Broccoli is packed with powerful plant compounds, including antioxidants. It’s also very high in vitamin K, delivering more than 100% of the Recommended Daily Intake (RDI) in a 1-cup (91-gram) serving. This fat-soluble vitamin is essential for forming sphingolipids, a type of fat that’s densely packed into brain cells. A few studies in older adults have linked a higher vitamin K intake to better memory. Beyond vitamin K, broccoli contains a number of compounds that give it anti-inflammatory and antioxidant effects, which may help protect the brain against damage.
Pumpkin seeds contain powerful antioxidants that protect the body and brain from free radical damage. They’re also an excellent source of magnesium, iron, zinc and copper. Each of these nutrients is important for brain health: Zinc: This element is crucial for nerve signaling. Zinc deficiency has been linked to many neurological conditions, including Alzheimer’s disease, depression and Parkinson’s disease.
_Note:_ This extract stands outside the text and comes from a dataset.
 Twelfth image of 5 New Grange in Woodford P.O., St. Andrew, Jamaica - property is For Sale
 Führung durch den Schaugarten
Magnesium: Magnesium is essential for learning and memory. Low magnesium levels are linked to many neurological diseases, including migraines, depression and epilepsy. Copper: Your brain uses copper to help control nerve signals. And when copper levels are out of whack, there’s a higher risk of neurodegenerative disorders, such as Alzheimer’s. Iron: Iron deficiency is often characterized by brain fog and impaired brain function. The research focuses mostly on these micronutrients, rather than pumpkin seeds themselves. However, since pumpkin seeds are high in these micronutrients, you can likely reap their benefits by adding pumpkin seeds to your diet.
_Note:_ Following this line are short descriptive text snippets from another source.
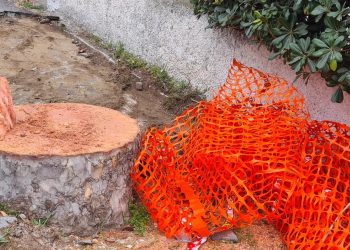 Taglio di alberi a Francavilla, Conalpa: “Danni al patrimonio arboreo, serve confronto”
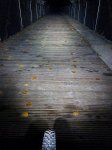 IMG_20161029_072607.jpg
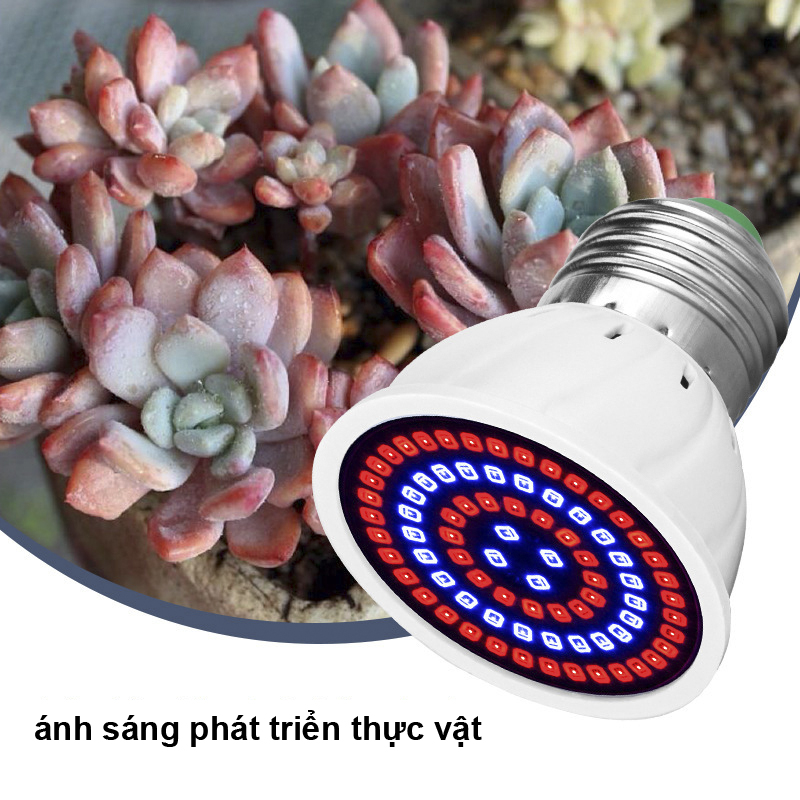 Bóng Đèn Trồng Cây 80 Led E27 220V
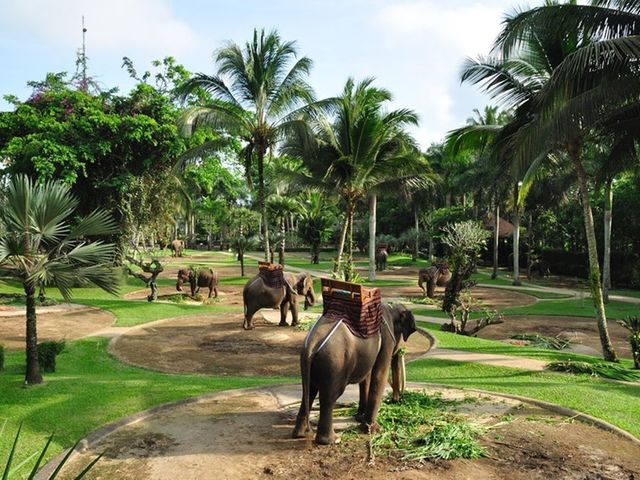 фото отеля Mason Elephant Park & Lodge (Elephant Safari Park Lodge) изображение №33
You can get all the vitamin C you need in a day by eating one medium orange. Doing so is important for brain health, since vitamin C is a key factor in preventing mental decline. Eating sufficient amounts of vitamin C-rich foods can protect against age-related mental decline and Alzheimer’s disease, according to a 2014 review article. Vitamin C is a powerful antioxidant that helps fight off the free radicals that can damage brain cells. Plus, vitamin C supports brain health as you age. You can also get excellent amounts of vitamin C from bell peppers, guava, kiwi, tomatoes and strawberries.
Eggs are a good source of several nutrients tied to brain health, including vitamins B6 and B12, folate and choline. Choline is an important micronutrient that your body uses to create acetylcholine, a neurotransmitter that helps regulate mood and memory. Two studies found that higher intakes of choline were linked to better memory and mental function. Nevertheless, many people don’t get enough choline in their diet. Eating eggs is an easy way to get choline, given that egg yolks are among the most concentrated sources of this nutrient. Adequate intake of choline is 425 mg per day for most women and 550 mg per day for men, with just a single egg yolk containing 112 mg. Furthermore, the B vitamins have several roles in brain health. To start, they may help slow the progression of mental decline in the elderly. Also, being deficient in two types of B vitamins — folate and B12 — has been linked to depression. Folate deficiency is common in elderly people with dementia, and studies show that folic acid supplements can help minimize age-related mental decline. B12 is also involved in synthesizing brain chemicals and regulating sugar levels in the brain.